From the very first race, people realized they were watching something freakish. Frankel didn’t just win his debut by half a length—he won by 13 lengths going away, like the other horses were standing still.
Over the next two years he raced 13 more times… and never lost once. 14 starts, 14 wins, 10 of them Group 1s (the highest level). He beat top-class horses by margins that simply don’t happen: 6 lengths, 7 lengths, 10 lengths, 11 lengths in one race.
The scariest part? His trainer was holding him back the whole time. Cecil was terrified of breaking him (he had unbelievably fragile forelegs and was injected in the joints before almost every race). So the instructions to Queally were almost always the same: “Let him bowl along in front, but whatever you do, don’t ask him for everything. We just want to get him home safe.”
The one time Queally accidentally let him go too early was in the 2011 St James’s Palace Stakes at Royal Ascot. Frankel took off 10 lengths clear with half a mile still to run. Racing fans thought he would stop to a walk and get swallowed up. Instead he kept widening—winning by ¾ length but under hands and heels while idling. The official margin doesn’t tell the story: he was 15–20 lengths better than anything else in the race that day.
In his final race, the 2012 Champion Stakes at Ascot, the ground was bottomless mud. Frankel hated. He was also drawn on the worst part of the track. For the only time in his career he was headed with 2 furlongs to go by a brilliant French horse called Cirrus des Aigles. For about ten seconds the entire grandstand thought the unbeatable horse was finally beaten.
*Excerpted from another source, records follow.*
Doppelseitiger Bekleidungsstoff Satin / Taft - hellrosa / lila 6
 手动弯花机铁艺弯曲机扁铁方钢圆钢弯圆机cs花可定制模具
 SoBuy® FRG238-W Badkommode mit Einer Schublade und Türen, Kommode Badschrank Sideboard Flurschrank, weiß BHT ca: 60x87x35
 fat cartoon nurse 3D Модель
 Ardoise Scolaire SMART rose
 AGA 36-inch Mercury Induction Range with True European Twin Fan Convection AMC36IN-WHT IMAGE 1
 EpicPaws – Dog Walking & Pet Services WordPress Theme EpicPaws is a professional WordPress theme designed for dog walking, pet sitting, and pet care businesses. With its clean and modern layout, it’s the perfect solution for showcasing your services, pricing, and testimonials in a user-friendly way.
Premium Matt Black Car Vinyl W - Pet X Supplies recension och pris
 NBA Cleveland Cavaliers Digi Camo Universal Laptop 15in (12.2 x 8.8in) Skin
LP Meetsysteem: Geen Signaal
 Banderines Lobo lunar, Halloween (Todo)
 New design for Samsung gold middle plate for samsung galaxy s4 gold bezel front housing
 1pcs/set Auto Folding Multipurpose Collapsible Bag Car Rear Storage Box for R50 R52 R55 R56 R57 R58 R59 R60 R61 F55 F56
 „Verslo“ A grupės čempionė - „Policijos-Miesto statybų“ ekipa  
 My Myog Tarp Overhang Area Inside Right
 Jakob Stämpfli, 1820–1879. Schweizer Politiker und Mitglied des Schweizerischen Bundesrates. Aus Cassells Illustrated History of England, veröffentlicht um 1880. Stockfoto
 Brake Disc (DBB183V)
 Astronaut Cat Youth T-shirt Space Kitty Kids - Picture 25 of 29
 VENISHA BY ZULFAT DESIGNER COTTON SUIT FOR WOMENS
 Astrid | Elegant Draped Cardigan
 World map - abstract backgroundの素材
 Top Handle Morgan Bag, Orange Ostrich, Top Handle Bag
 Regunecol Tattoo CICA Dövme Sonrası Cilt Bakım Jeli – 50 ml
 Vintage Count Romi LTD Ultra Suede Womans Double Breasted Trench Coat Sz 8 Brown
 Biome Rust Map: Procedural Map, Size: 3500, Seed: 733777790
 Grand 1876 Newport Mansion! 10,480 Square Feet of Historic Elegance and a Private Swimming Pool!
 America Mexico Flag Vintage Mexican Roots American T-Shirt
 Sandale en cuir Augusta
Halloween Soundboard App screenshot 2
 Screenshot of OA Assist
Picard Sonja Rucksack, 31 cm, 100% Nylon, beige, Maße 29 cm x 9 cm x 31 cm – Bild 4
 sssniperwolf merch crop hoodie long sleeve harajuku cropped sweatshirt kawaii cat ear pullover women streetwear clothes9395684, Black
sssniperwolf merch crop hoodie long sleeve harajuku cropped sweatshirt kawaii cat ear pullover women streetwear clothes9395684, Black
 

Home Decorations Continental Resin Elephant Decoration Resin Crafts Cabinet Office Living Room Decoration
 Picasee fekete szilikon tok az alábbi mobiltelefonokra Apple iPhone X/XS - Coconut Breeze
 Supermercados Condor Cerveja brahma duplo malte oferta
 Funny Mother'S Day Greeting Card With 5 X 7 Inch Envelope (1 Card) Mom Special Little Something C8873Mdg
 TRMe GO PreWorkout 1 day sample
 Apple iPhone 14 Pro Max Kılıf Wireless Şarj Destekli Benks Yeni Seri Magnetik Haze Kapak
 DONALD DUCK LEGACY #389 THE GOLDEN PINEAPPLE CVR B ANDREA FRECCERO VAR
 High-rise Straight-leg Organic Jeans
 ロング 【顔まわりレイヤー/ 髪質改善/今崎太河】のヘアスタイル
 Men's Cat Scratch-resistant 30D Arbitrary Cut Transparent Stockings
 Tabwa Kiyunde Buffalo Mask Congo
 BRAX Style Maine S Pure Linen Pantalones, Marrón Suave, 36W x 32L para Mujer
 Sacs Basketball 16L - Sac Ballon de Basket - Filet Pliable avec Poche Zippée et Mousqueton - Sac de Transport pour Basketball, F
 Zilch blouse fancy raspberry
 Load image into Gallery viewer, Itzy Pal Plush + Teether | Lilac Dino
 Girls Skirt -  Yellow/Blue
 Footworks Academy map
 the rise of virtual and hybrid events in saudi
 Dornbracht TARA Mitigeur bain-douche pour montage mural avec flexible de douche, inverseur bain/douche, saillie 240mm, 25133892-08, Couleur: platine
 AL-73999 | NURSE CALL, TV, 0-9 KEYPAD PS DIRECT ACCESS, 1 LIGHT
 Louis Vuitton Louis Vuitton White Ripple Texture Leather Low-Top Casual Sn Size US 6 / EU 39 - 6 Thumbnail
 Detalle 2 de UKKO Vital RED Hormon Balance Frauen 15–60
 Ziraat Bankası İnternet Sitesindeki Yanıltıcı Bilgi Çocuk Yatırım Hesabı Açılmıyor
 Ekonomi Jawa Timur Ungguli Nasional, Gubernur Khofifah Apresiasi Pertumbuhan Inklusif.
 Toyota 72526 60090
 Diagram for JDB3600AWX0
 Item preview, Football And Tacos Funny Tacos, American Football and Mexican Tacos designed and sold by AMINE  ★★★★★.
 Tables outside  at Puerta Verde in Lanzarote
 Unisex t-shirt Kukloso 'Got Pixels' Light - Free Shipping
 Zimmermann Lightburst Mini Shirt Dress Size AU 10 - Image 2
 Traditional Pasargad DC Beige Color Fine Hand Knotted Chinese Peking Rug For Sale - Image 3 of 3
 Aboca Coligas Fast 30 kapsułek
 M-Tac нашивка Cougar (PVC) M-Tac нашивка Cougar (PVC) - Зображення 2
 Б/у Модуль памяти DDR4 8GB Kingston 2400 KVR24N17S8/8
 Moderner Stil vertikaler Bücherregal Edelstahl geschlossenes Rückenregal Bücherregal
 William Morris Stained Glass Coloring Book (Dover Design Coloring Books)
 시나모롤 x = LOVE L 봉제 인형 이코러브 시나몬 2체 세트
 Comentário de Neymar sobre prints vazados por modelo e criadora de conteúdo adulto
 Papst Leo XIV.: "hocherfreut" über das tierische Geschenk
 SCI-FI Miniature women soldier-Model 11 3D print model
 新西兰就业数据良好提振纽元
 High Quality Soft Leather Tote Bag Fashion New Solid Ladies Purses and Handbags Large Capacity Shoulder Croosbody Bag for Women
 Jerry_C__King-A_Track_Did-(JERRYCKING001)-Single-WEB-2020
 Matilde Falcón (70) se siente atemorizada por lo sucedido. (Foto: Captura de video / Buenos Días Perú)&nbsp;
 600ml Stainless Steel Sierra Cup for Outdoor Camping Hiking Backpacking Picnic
Then Queally shook the reins once. Frankel lengthened and surged past again, winning by 1¾ lengths going away. Cecil, gaunt from chemotherapy, cried in the winner’s circle.
Frankel retired with earnings of just under £3 million, but the real number is incalculable—he’s now the most influential sire in Europe has seen in decades. More importantly, he gave a dying trainer the perfect farewell and gave racing fans a once-in-a-lifetime memory.